ZIMBABWE’S central bank says it will maintain a tight liquidity situation despite growing calls by business over the high cost of lending which has crowded out private sector funding.
BERNARD MPOFU
Monetary and fiscal authorities introduced several measures over the past few months to tame inflation and stabilise the domestic currency such as hiking interest rates to discourage borrowing for speculative purposes.
Key pronouncements made by the monetary authorities included the temporary suspension of lending, entrenchment of the multicurrency system through the willing-buyer willing-seller rate, introduction of gold coins as a store of value and an increase in the bank policy interest rate from 80% to 200%.
The bank policy rate was subsequently mandated to be the minimum lending rate with effect from 1 July 2022. Resultantly, interest rates across the banking sector have increased, with interest rates of 100% per annum and 200% per annum being adopted as minimum lending rates to individuals and corporates respectively.
Reserve Bank of Zimbabwe governor John Mangudya told delegates attending this week’s launch of the 2022 Chamber of Mines of Zimbabwe State of the Mining Industry Report that the authorities will maintain the obtaining situation as part of efforts to restore the value of the domestic currency and tame inflation.

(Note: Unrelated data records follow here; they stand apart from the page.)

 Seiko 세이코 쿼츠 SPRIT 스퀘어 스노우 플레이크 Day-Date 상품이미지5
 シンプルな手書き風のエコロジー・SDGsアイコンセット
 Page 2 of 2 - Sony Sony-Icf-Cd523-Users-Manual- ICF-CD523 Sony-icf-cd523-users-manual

“It is too premature for us to soften the pol icy because we do believe that this purely is about sentiments and perception, so we are going to continue with the tight monetary policy stance,” Mangudya said.
“Government is going to continue with its value in its procurement so that there is no excess money in the economy to destabilise the exchange rate and inflation. We want to have a stable inflation environment, a stable currency environment so that at the end of the day the US$12 billion target is achievable.”

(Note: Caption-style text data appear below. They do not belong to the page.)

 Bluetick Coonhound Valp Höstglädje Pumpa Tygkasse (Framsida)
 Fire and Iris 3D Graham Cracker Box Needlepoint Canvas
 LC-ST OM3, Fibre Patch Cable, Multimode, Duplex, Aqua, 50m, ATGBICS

The central bank chief said the apex bank will by mid-November introduce lower-denomination gold coins to mop up excess liquidity.
“Starting on the 15th of this month, gold coins of lower denominations of a tenth, a quarter and half will be on sale starting Tuesday next week. We are going to be taking them to the banks so that the public can start buying them. We’re doing this because we do not want to leave anyone behind. We know that the bigger denominations were elitist and we have listened and therefore we are bringing smaller denominations,” he said.

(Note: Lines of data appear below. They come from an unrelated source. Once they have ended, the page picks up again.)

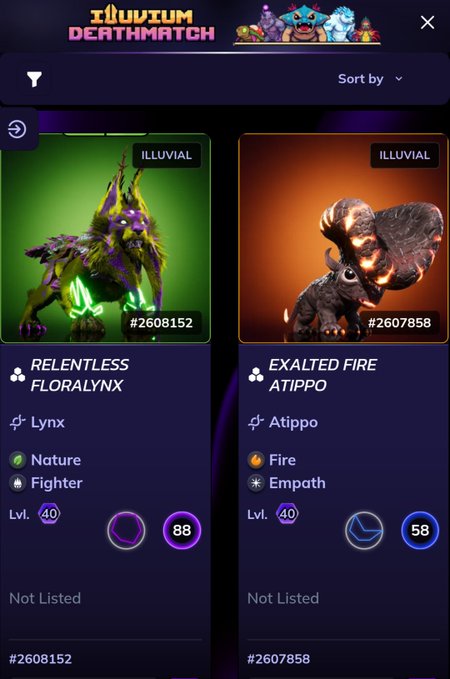 In this image, a screenshot of a mobile device displays two screens side-by-side. On the left screen, there are two different profiles for Illuvium's deathmatch game that show the player's character types and their corresponding descriptions. The right screen features a comparison of these two character types with additional details about them. 

The top part of the image displays text in purple and green colors, which could be related to the game or its interface. A small square containing an illustration of a cartoon character is also present on this screen.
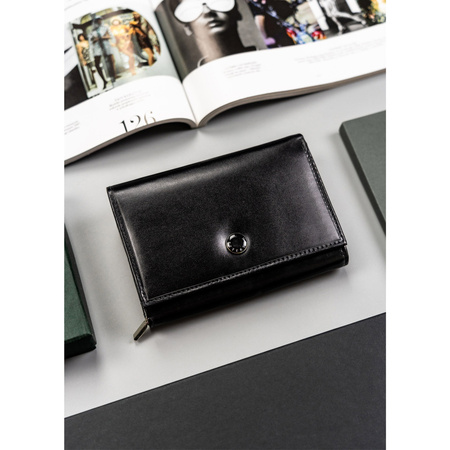 Große Damen Geldbörse aus Leder in Schwarz mit RFID – Peterson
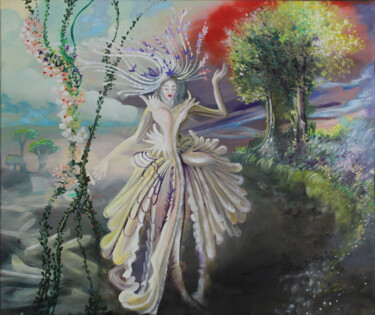 Pintura intitulada "Femme Fleur dans Le…" por Hilda Garman, Obras de arte originais, Óleo Montado em Armação em madeira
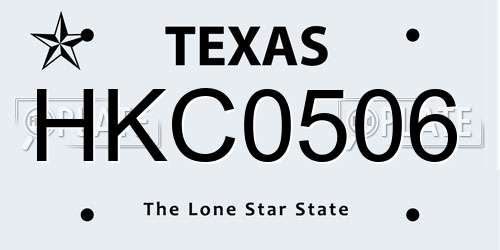 HKC0506 Texas License Plate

Official figures show that the month-onmonth inflation rate in October 2022 was 3.2%, shedding 0.3 percentage points on the September 2022 rate of 3.5%. Blended month-on-month inflation rate in October 2022 was 3.2%, gaining 0.7 percentage points on the September 2022 rate of 2.5%.
Year-on-year inflation rate for October 2022 decreased to 268.8% from 280.4% in September 2022 shedding 11.6 percentage points. Blended annual inflation rate of October 2022 stood at 108.7 percent, gaining 1.2 percentage points on the September inflation rate.